Following up on the recent posts giving advice for passing the bar, I have a couple of tips to add to the great information already provided on this site.
I sat for (and passed) the July 2007 Bar Exam in California. The two tips that I will share here relate to the written portion of the test and I think now is the perfect time to share them as the July test is just weeks away!
Both of these tips relate to matching how you study to how you will test.
During the first 8 weeks or so of studying for the exam, I found it very difficult to write out a full essay. In the beginning this was because I just didn't know all of the law, and spending a full hour talking about something I didn't really know about seemed like huge waste of effort. So, I outlined answers the best I could and then read through the sample essay answers to check my issue spotting abilities and my knowledge of the law as well as to read through what my whole answer should have looked like if I had gone through the exercise of writing everything in complete sentences. When it came time to take the BarBri simulated exam (which I think was about 3 weeks before the Bar) I had a pretty hard time writing essays full out. Not only did I not know how to time myself but I also got fatigued by the process. From there on out, I decided to start writing full essays, at least two per day for the remainder of the study days. I highly recommend doing this at the end of your study period. Make sure that you mix up the subjects and work on combination questions as well as single subject problems.
Here's the first thing that I did wrong in my essay practice -- I (almost always) did them on my home desktop computer. Call me crazy but I am somebody that prefers a desktop to a laptop. I like a large monitor that is above table-top level and a more spread out keyboard. After practicing on the desktop all summer, I realized at almost the last minute that my spacebar on the laptop did not always work and that I was a sloppy typist on the laptop as well. Therefore, I made the decision to bring a separate keyboard to the testing center -- this was great for me. It gave my fingers space and allowed me to type on a familiar keyboard for the test. I highly recommend this to anyone using their laptop (at least in CA where I know it is allowed).
Here's the second thing I did wrong... I would wake up on the mornings after BarBri was over and hit my outlines. I would study the main headings and go over all of the rules for a number of subjects. After all, who wants to start writing essay questions first thing in the morning? I needed a little warm up each day and accomplished this through reading outlines while I had my morning Diet Coke. By the end of the summer, I was really rocking at issue spotting and rule quoting. My essays were hitting all the main areas (they weren't as well organized or articulated as the sample essays, but I am convinced that doesn't matter). I felt very confident going into the exam -- this given that I never once passed a "graded" BarBri memo. Anyway, I knew my stuff.

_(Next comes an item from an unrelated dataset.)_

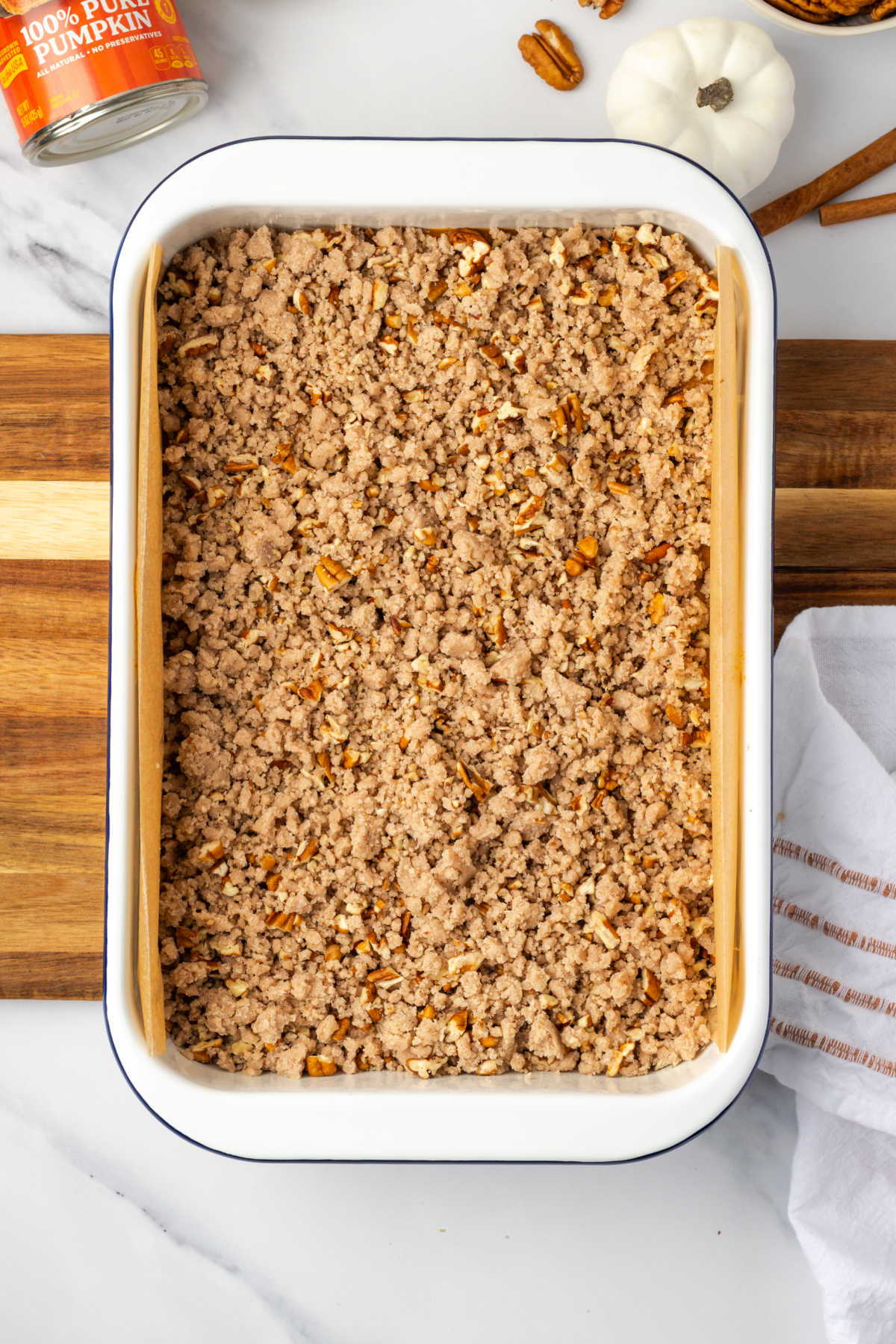Unbaked crumb cake in white baking pan.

Well, when it came time to take the exam, I followed the advice that I received from many people and stopped studying at a decent hour on Monday evening and didn't wake up early to study on the morning of the test. Well, guess what... you have to start out the morning writing essays! (I knew this ahead of time, of course.) When it came time to write the three Tuesday morning essays, my mind was clear ... actually blank is a better word for it. I couldn't remember all of the boilerplate language that I had learned from BarBri answers. I couldn't remember the elements of product liability torts. I couldn't remember the rules of evidence -- I was a disaster. I could still spot issues (1/2 the battle) but where did all my legal knowledge go? To make matters worse, two of the subjects that morning where the so-called predicted subjects. The ones I had been drilling for weeks.
After Tuesday morning, I was convinced I failed. However, I was also determined to make up for a terrible set of three essays by turning things around over the next 2.5 days. For me, this meant scrapping the advice I was following about pre-test studying. The next two mornings, I woke up early ('woke up' is a relative term since I wasn't sleeping that well; 'got up' is better) and reviewed my outlines, just as I had been doing all summer. I went over the legal elements for the remaining subjects (6 for the MBE, and 12 or so for the essays on Thursday). You could say that I did my warm-up exercises on Wednesday and Thursday. And happily, things turned around for me. I felt good about Thursday's essays and ...well... the MBEs were really hard. Even though I felt overall that I was underprepared for the MBE questions, I still felt like myself, unlike my experience Tuesday morning where I seriously wondered if I was folding under the pressure by forgetting everything I knew!
So, develop study habits that serve you well, but don't abandon them during the week of the exam!
Best of luck to everyone taking the July test!